Mariano Rajoy es el presidente legítimo de un Gobierno con un respaldo próximo a los 8 millones de votos. Carles Puigdemont fue elegido a dedo por Artur Mas y el núcleo duro del pujolismo, y antes de ser nombrado hubo de pasar por el examen de la CUP. Sin embargo, hoy, para muchos catalanes y una porción no desdeñable del resto de españoles, el demócrata es Puigdemont. ¿Qué ha fallado? El relato; la ausencia de pensamiento; la incapacidad del Gobierno para construir una réplica contundente y atractiva. Ha fallado la política. Porque la política no se hace en el laboratorio de la jurisprudencia, ni es solo una aseada, incluso reluciente, cuenta de resultados. Tampoco es cálculo electoral. La política es pedagogía, es comunicación, son luces largas. Todo lo que le ha faltado al equipo en cuyas manos Rajoy ha dejado la conducción de los grandes asuntos del país, compuesto por brillantes funcionarios del Estado y pésimos intérpretes de la realidad.

Atravesamos la que sin duda es la crisis institucional más grave de la joven democracia española. Frente a la ignominia de los que han destruido la convivencia en Cataluña y han provocado niveles desconocidos de desprecio hacia todo lo español, los demócratas debemos seguir confiando en la sensatez, la razón y la ley. Pero también tenemos, no ya el derecho, sino la obligación, de exigir un gobierno capaz de dar respuesta firme a la gravísima situación creada. También exigimos que la clase política renuncie en esta compleja coyuntura a cualquier tentación electoralista. En este sentido, nos parecen de todo punto irresponsables algunas voces que insisten en la conveniencia de presentar una moción de censura para echar al PP del poder. La izquierda constitucionalista no puede prestarse a participar en ninguna operación que debilite aún más al Estado frente al independentismo.

Pero eso no significa que no sea necesario abordar profundos cambios. Cambios en clave de país. Y con la máxima urgencia. Ha llegado el momento de levantar una vez más la cabeza, de demostrar al mundo que somos una gran nación. Hay que reaccionar. Es absolutamente imprescindible restablecer la legalidad en Cataluña y poner en marcha un plan que devuelva cuanto antes la esperanza a millones de catalanes que quieren seguir siendo españoles. Y es llegada la hora en la que nuestros dirigentes políticos han de demostrar si merecen tal nombre.

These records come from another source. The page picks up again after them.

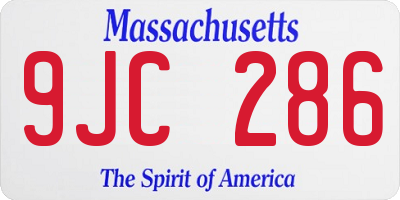 MA license plate 9JC286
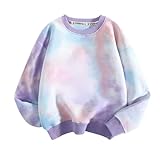 [HahaNice] パーカー 女の子 男の子 ロングTシャツ キッズ トレーナー 綿 トップス 長袖 上着 丸襟 子供服 春秋冬 絣染め お洒落 スタンドカラー 紫 130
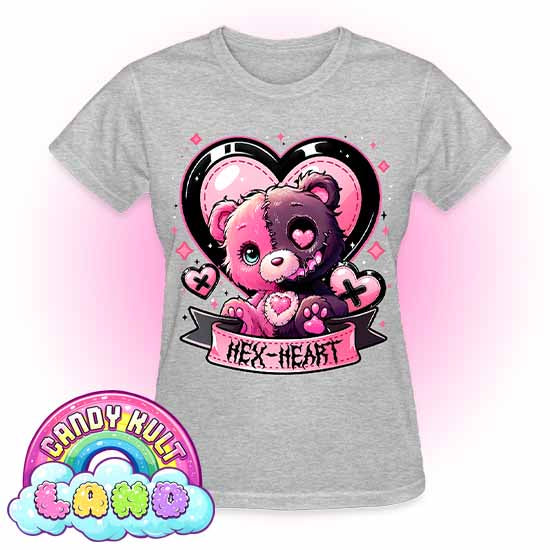 Hex-Heart - Candy Kult land REGULAR FIT Ladies T-Shirt - Candy Kult - Candy Cult - Candy Kult Land - Wishbone - Boo Kitty - Panku - Frosti - Toxic Kitten - Hex-Heart - Cult Candy - Cake High Heels - [product_vendor}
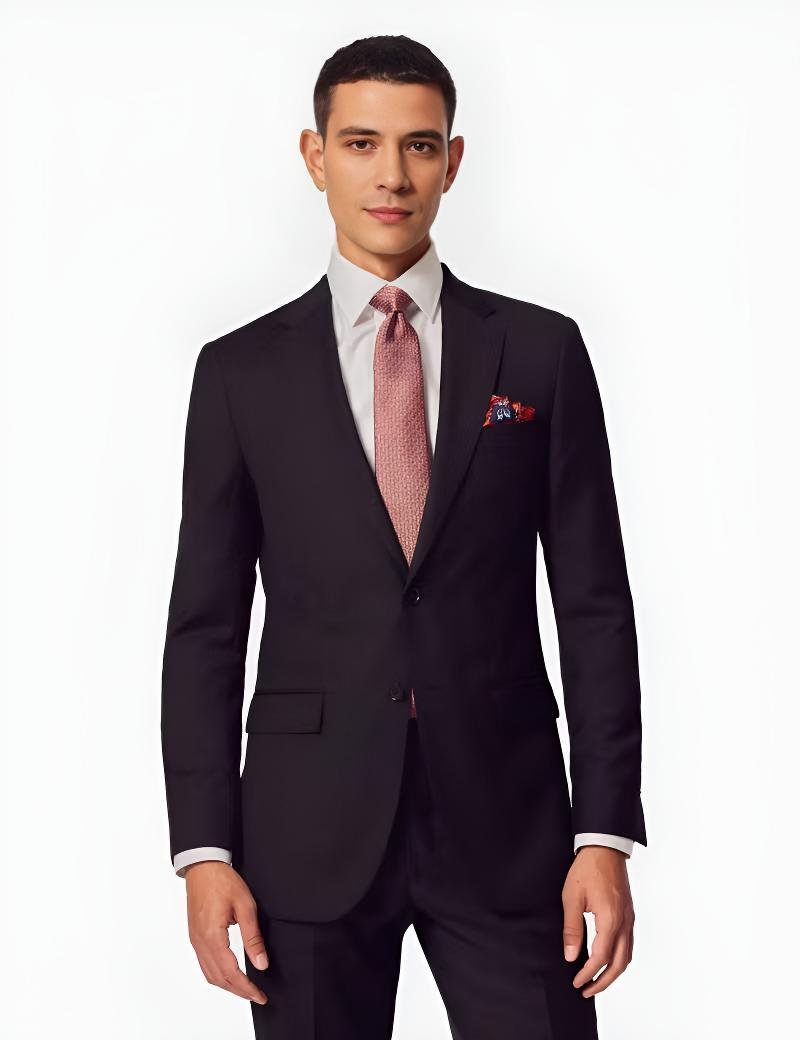 Slim Fit Black Twill Suit Jacket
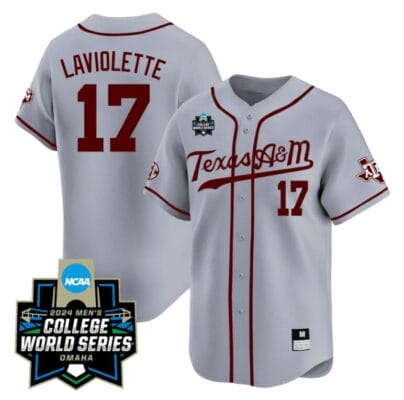 Jace Laviolette Jersey #17 Texas AM Aggies 2024 College World Series Vapor Premier Limited NCAA Baseball Stitched Grey Alternate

Consideramos inexcusable la formación de un gobierno de concentración nacional con amplio respaldo parlamentario, presidido por un hombre o una mujer de consenso

La mala noticia es que de esta crisis no se sale con los mismos caballos tirando del mismo carro. En nuestra opinión, nunca se había dado una situación tan grave y excepcional como esta. Y, por tanto, excepcionales deben ser las soluciones. En este sentido, consideramos inexcusable la formación de un gobierno de concentración nacional con amplio respaldo parlamentario, presidido por un hombre o una mujer de consenso. Un gobierno que restablezca de inmediato la legalidad en Cataluña, pero además tome decididamente la iniciativa a partir de la elaboración de un proyecto político renovado, capaz de ilusionar al conjunto de los españoles; un gobierno que se atreva sin complejos a plantear una actualización constitucional que desmonte las coartadas del nacionalismo; un gobierno con gran capacidad de interlocución y que haga POLÍTICA con mayúsculas.

Por último, entendemos que debe ser el Jefe del Estado quien en primer lugar promueva esta nueva oportunidad que los políticos le deben a los españoles. Felipe VI es un hombre de su tiempo y sabemos que es plenamente consciente de lo que nos estamos jugando. Y de que él también se la juega. Hoy, son muchos los ciudadanos que esperan que el Rey actúe conforme al papel que la Constitución le asigna. Hasta el 1-0 la prudencia era la primera obligación del monarca. Pero después de esa fecha, ya no es posible plantear ningún enroque.